Comment les prêtres du diocèse d’Aix et Arles vivent-ils ces changements dans la pastorale (moins de messe)?

C’est une très grande difficulté. C’est une épreuve de voir le trop petit nombre de prêtres par rapport aux temps anciens, même si le ratio est resté le même : moins de prêtres mais également moins de fidèles.

Nous devons organiser une Eglise pour qu’elle retrouve son souffle. Elle retrouvera son souffle en se nourrissant du Christ, pas seulement en allant à la messe mais en vivant l’eucharistie avec ferveur et en déployant autour de la messe une vraie vie fraternelle, où tout le monde peut avoir sa place, y compris ceux qui ne sont pas venus à la messe.

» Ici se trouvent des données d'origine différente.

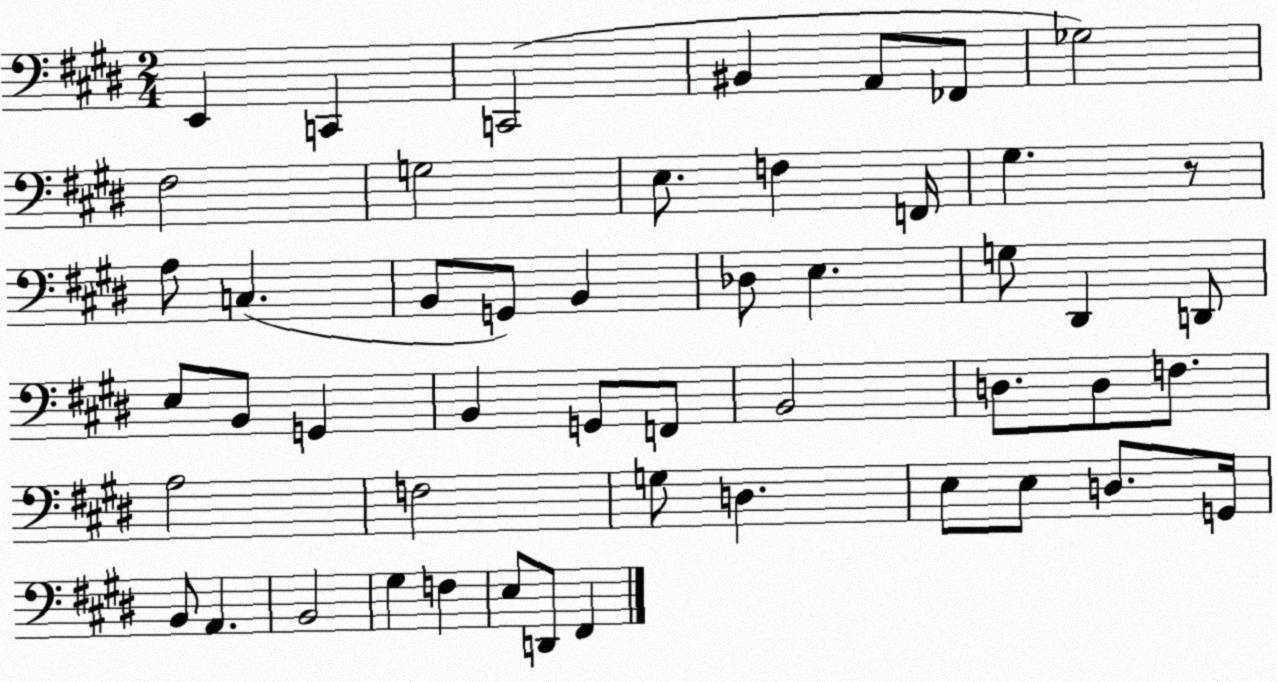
X:1
T:Untitled
M:2/4
L:1/4
K:E
E,, C,, C,,2 ^B,, A,,/2 _F,,/2 _G,2 ^F,2 G,2 E,/2 F, F,,/4 ^G, z/2 A,/2 C, B,,/2 G,,/2 B,, _D,/2 E, G,/2 ^D,, D,,/2 E,/2 B,,/2 G,, B,, G,,/2 F,,/2 B,,2 D,/2 D,/2 F,/2 A,2 F,2 G,/2 D, E,/2 E,/2 D,/2 G,,/4 B,,/2 A,, B,,2 ^G, F, E,/2 D,,/2 ^F,,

Je pense que nous devons être des missionnaires de l’amour (la charité), du témoignage de l’amour fraternel les uns pour les autres, et en particulier pour ceux qui souffrent, qui sont dans l’épreuve.

On a encore 84 prêtres en activité, une dizaine de futurs prêtres se forme au séminaire pour notre diocèse. Donc on a un moment difficile car il faut s’organiser autrement, mais nous avons cette perspective d’une Eglise missionnaire pour laquelle il n’y a pas de fatalité.